REQUIREMENT:
Write out only the tail of the records, beginning at the line containing "Einbauspüle Küchenspüle Edelstahl" and including the last line, exactly as written.

INPUT MATERIAL:
══════

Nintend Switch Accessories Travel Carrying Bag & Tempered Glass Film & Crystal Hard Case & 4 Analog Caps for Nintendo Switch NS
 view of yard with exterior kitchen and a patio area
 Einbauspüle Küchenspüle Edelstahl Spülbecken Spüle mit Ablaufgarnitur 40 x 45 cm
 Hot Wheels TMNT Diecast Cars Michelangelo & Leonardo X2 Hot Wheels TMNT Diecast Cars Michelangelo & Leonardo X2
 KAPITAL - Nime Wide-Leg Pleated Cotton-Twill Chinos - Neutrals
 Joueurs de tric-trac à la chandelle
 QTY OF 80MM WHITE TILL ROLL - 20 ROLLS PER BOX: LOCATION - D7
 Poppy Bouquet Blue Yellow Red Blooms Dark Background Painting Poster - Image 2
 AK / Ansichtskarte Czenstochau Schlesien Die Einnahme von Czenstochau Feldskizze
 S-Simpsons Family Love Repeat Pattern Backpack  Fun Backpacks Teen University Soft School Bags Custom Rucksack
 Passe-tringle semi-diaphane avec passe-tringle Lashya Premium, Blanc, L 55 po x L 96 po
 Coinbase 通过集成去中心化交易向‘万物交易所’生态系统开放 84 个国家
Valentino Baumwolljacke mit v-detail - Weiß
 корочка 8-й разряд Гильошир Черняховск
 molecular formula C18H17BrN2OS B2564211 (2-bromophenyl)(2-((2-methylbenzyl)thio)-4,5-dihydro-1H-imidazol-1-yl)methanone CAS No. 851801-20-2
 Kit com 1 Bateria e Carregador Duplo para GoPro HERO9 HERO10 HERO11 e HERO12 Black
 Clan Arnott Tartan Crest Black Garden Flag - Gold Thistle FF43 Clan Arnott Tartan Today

══════

RESPONSE BOX:
 Einbauspüle Küchenspüle Edelstahl Spülbecken Spüle mit Ablaufgarnitur 40 x 45 cm
 Hot Wheels TMNT Diecast Cars Michelangelo & Leonardo X2 Hot Wheels TMNT Diecast Cars Michelangelo & Leonardo X2
 KAPITAL - Nime Wide-Leg Pleated Cotton-Twill Chinos - Neutrals
 Joueurs de tric-trac à la chandelle
 QTY OF 80MM WHITE TILL ROLL - 20 ROLLS PER BOX: LOCATION - D7
 Poppy Bouquet Blue Yellow Red Blooms Dark Background Painting Poster - Image 2
 AK / Ansichtskarte Czenstochau Schlesien Die Einnahme von Czenstochau Feldskizze
 S-Simpsons Family Love Repeat Pattern Backpack  Fun Backpacks Teen University Soft School Bags Custom Rucksack
 Passe-tringle semi-diaphane avec passe-tringle Lashya Premium, Blanc, L 55 po x L 96 po
 Coinbase 通过集成去中心化交易向‘万物交易所’生态系统开放 84 个国家
Valentino Baumwolljacke mit v-detail - Weiß
 корочка 8-й разряд Гильошир Черняховск
 molecular formula C18H17BrN2OS B2564211 (2-bromophenyl)(2-((2-methylbenzyl)thio)-4,5-dihydro-1H-imidazol-1-yl)methanone CAS No. 851801-20-2
 Kit com 1 Bateria e Carregador Duplo para GoPro HERO9 HERO10 HERO11 e HERO12 Black
 Clan Arnott Tartan Crest Black Garden Flag - Gold Thistle FF43 Clan Arnott Tartan Today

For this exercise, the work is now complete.